Neste mesmo filme, Polanski desvela apenas em seu ultimo quadro a razão da inibição sexual de sua personagem. Buñuel não faz de forma tão diferente ao dar pistas do inicio desta condição de Séverine, inserindo dois flashes passageiros em sua narrativa: no primeiro, é acariciada e beijada de forma maliciosa por um homem mais velho, e no segundo, está na igreja quando pequena e recusa a aceitar a hóstia de seu padre. Logo realça traços de um passado de possível abuso sexual e opressão religiosa. Na fase adulta, expressa apenas nos seus pensamentos mais obscuros os seus desejos e fetiches, utópicos e irrealizáveis, em um matrimônio sem comunicação e em uma sociedade tediosa por demais e de aparências.
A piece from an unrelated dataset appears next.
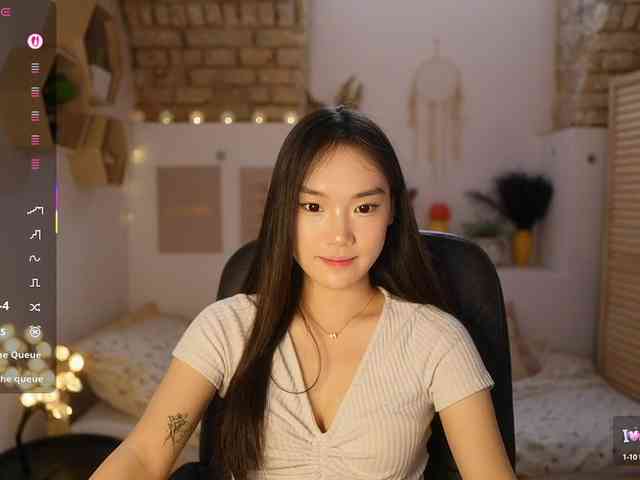 AllyahSky webcam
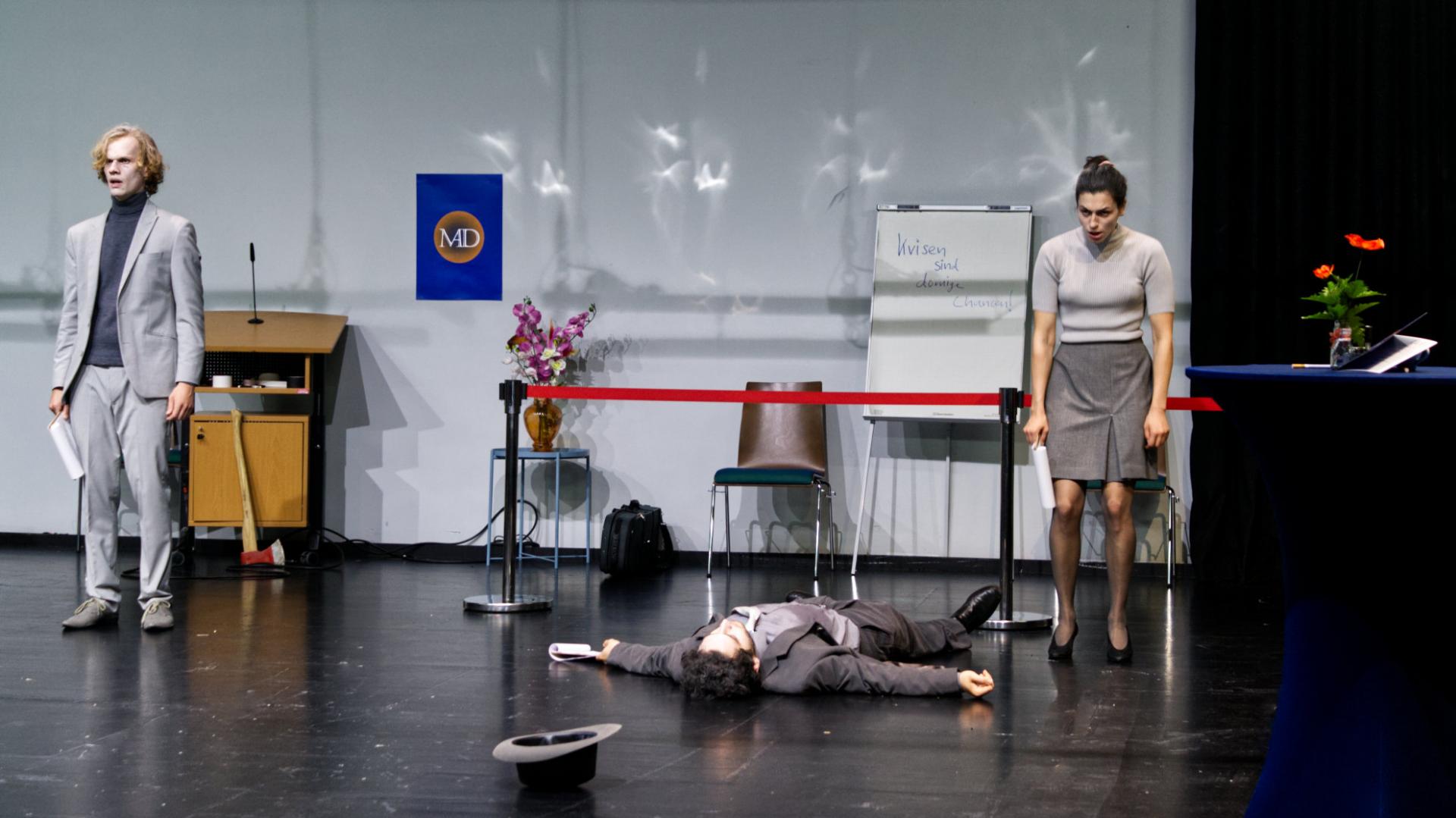 Szene mit drei Schauspielstudierenden.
Mas o foco de Buñuel não é a tipíca deformação de superficies sociais, mas sim do individuo, guiado pelos instintos, e que por baixo dos seus ternos e formalidades, também possui todos os tipos de porões imagináveis, dispostos à extravasar isso em bordéis e quartos assim que podem.

Nas cenas que registram o ato - preliminares, nas propulsões de fetiches -, Buñuel ainda expõe a patente controladora dos homens burgueses, dominadores e misógenos, não só eles, também o marginal que se torna intimo de Séverine, jovem, mas também violento e egoísta; e enquanto desmascara o homem, enaltece a mulher, enquadra e contempla Denueve no auge de sua beleza (são muitos os registros marcantes de imagem da atriz no filme, por serem tão elegantes, sensuais, e provocantes), além do mais, a atitude feminina independente e insubordinada. Séverine vai da dona de casa culpada e frigida, para uma mulher livre, conquistando autonomia e que usa de todas as sua ferramentas para ir até o desconhecido e também, ao próprio auto-conhecimento, não à toa, apenas após sua própria libertação pessoal, consegue engatar seu relacionamento, sendo que neste, nem mesmo existia.

Homoerotismo, necrofilia, adultério, fetiches. Mesmo na sutileza de sua grafia, técnica sutil (e voyeuristica), Buñuel (em seu trabalho de direção dos mais notáveis pelo dominio da mise-en-scène) fez o suficiente para ir até onde provávelmente nenhum diretor havia ido até então. Antes de De Olhos Bem Fechados (Eyes Wide Shut, 1999), A Professora de Piano (Le Pianiste, 2001) e outros, Buñuel já checava até os submundos mais inacessíveis da avidez pelo sexo, pelo anseio intenso das descobertas e rumos que o desejo descontrolado e a indefensabilidade pode levar. Quase sempre perigosamente auto-destrutivo. Afinal, atua-se na nudez plena, da carne e do interior, onde abdica-se do controle voluntariamente ou não e além dos limites do corpo, revela-se a vulnerabilidade instantânea e possivelmente fatal. Surreal ou não, está ali.